This petition was posted shortly before we published the Eddington Study, an independent review of Britain's transport network. This study set out long-term challenges and options for our transport network.
It made clear that congestion is a major problem to which there is no easy answer. One aspect of the study was highlighting how road pricing could provide a solution to these problems and that advances in technology put these plans within our reach. Of course it would be ten years or more before any national scheme was technologically, never mind politically, feasible.
That is the backdrop to this issue. As my response makes clear, this is not about imposing "stealth taxes" or introducing "Big Brother" surveillance. This is a complex subject, which cannot be resolved without a thorough investigation of all the options, combined with a full and frank debate about the choices we face at a local and national level. That's why I hope this detailed response will address your concerns and set out how we intend to take this issue forward. I see this email as the beginning, not the end of the debate, and the links below provide an opportunity for you to take it further.

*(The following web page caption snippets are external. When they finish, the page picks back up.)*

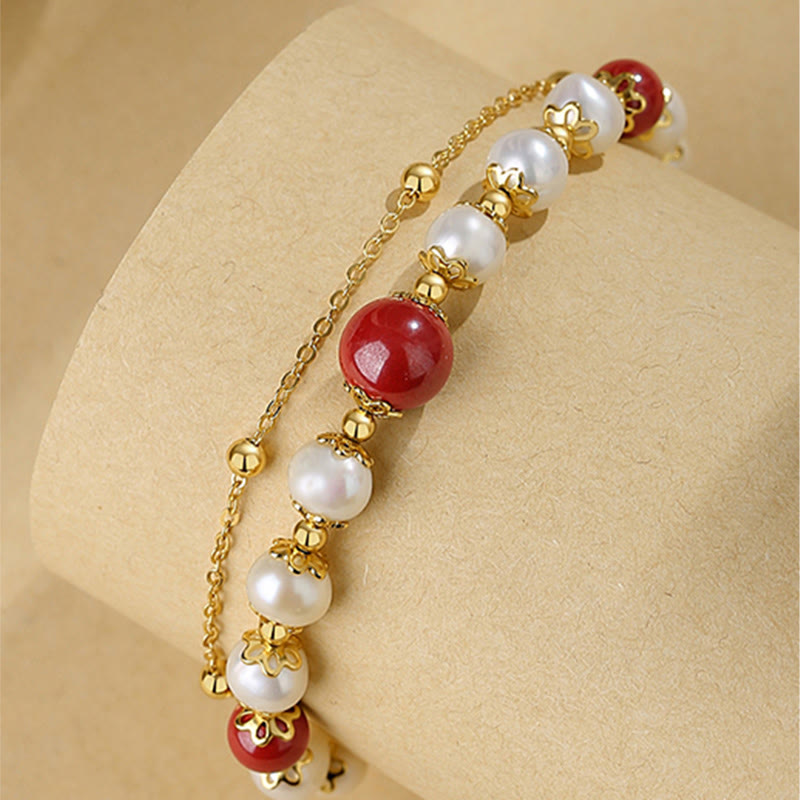 Bracelet à chaîne double couche en argent sterling 925 avec perles de sagesse et cinabre de Buddha Stones - image 7
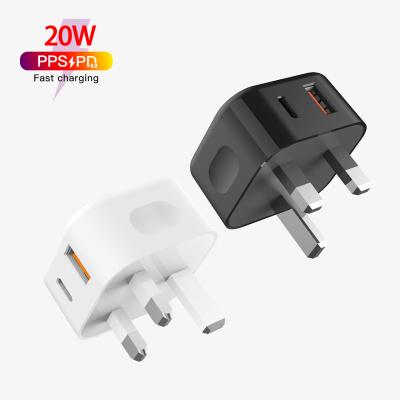 China Cell Phone CE CB 20w 18w usb c palladium qc3.0 Dual Ports Fast Wall Charger Adapter Fast Fast Charging UK Plug For iPhone 12 for sale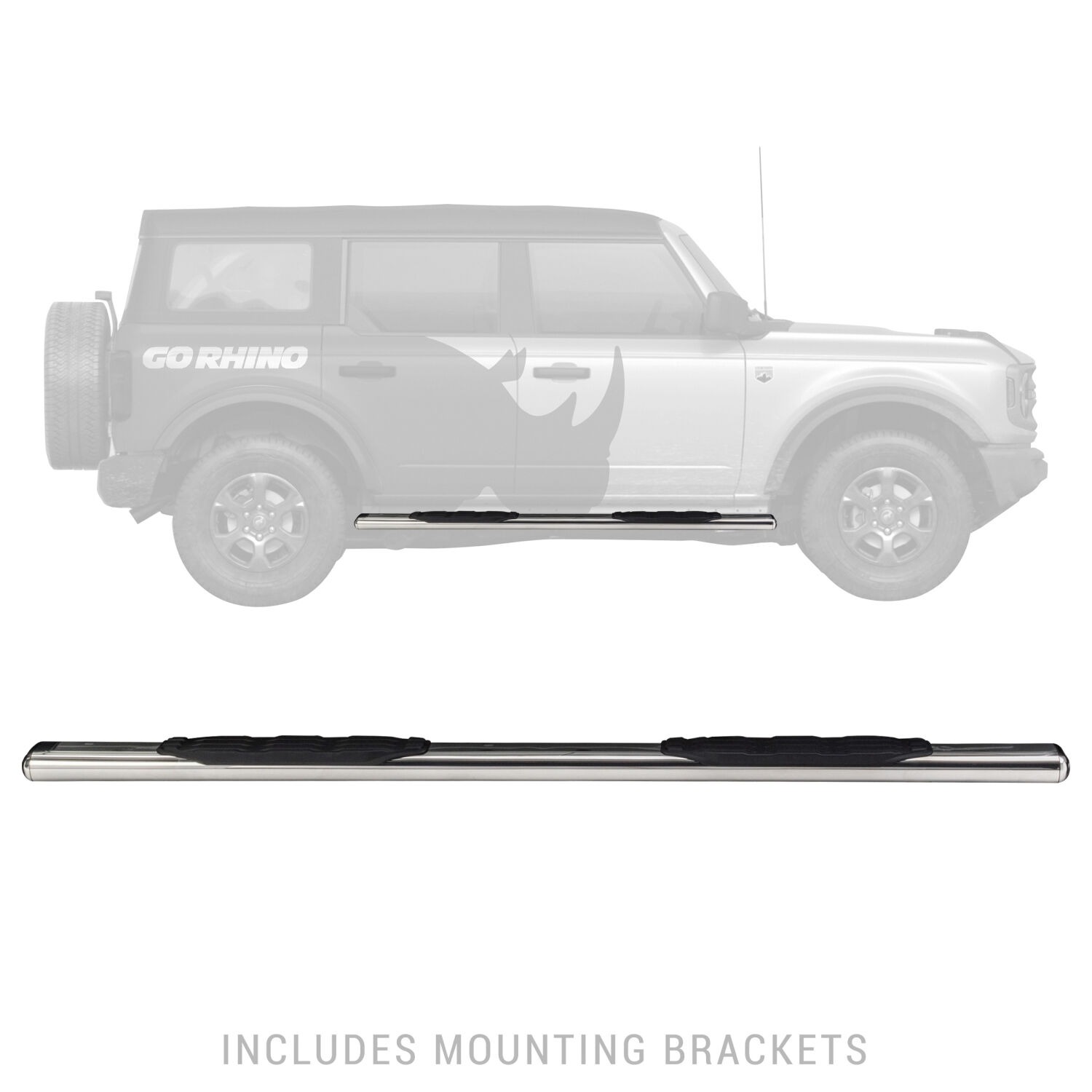 Go Rhino 105412973PS - 1000 Series, Silver, Polished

But let me be clear straight away: we have not made any decision about national road pricing. Indeed we are simply not yet in a position to do so. We are, for now, working with some local authorities that are interested in establishing local schemes to help address local congestion problems. Pricing is not being forced on any area, but any schemes would teach us more about how road pricing would work and inform decisions on a national scheme. And funds raised from these local schemes will be used to improve transport in those areas.
One thing I suspect we can all agree is that congestion is bad. It's bad for business because it disrupts the delivery of goods and services. It affects people's quality of life. And it is bad for the environment. That is why tackling congestion is a key priority for any Government.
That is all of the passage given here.